Investigation of structural and optoelectronic properties in dye-doped MC biopolymer films

Biodegradable polymers modified with natural additives are gaining increasing attention for sustainable optoelectronic applications. In this work, a natural dye extracted from Cosmos sulphureus Cav. (CSC) flowers was incorporated into methylcellulose (MC) biopolymer films via a casting technique to enhance their optical properties. The dye-doped MC films were characterized to evaluate structural, morphological, and optical changes using established spectroscopic and imaging techniques. FTIR analysis confirmed strong hydrogen bonding between MC and CSC functional groups, primarily involving OH and NH groups. This interaction suggests good chemical compatibility and uniform dispersion of the dye within the polymer matrix.

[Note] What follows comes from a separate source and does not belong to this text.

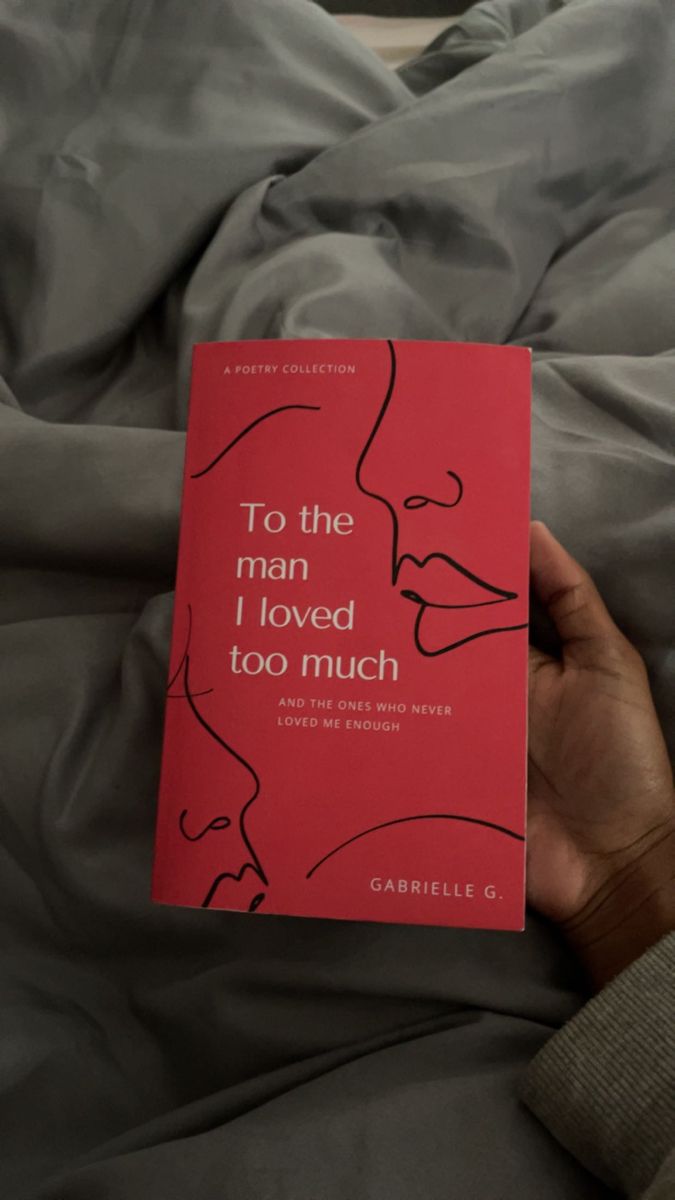 a person laying in bed with a book about to the man i loved too much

XRD results revealed an increased amorphous phase in doped samples, with a significant decrease in crystallinity, corroborated by a rise in Urbach energy from 0.327 to 0.463 eV. SEM imaging revealed distinct changes in surface morphology, with the dye-doped films exhibiting increased roughness and varied surface features compared to the smooth texture of the pristine MC, indicating effective dye incorporation and microstructural interaction. UV–Visible spectroscopy showed a red-shift in the absorption edge from 6.3 eV in pure MC to 2.24 eV in the highest doped sample (MCCS3), indicating effective band gap reduction. The refractive index increased from 1.15 to 1.18 with dye loading, indicating a denser optical medium and increased electronic polarizability. Simultaneously, the optical electronegativity decreased from 2.171 to 2.157, suggesting greater ease of electronic transitions. Optical dispersion parameters were analyzed using the Wemple-DiDomenico (WDD) model, oscillator energy ($E_o$) dropped from 6.26 to 2.63 eV and dispersion energy ($E_d$) from 1.54 to 0.71 eV. Other derived parameters such as effective mass, plasma frequency, mobility, and Verdet constants support the suitability of the films for optical limiting and magneto-optical applications. This study presents a novel, eco-friendly approach to tailoring the optical properties of biodegradable polymers, offering low-cost, sustainable solutions for future green technologies.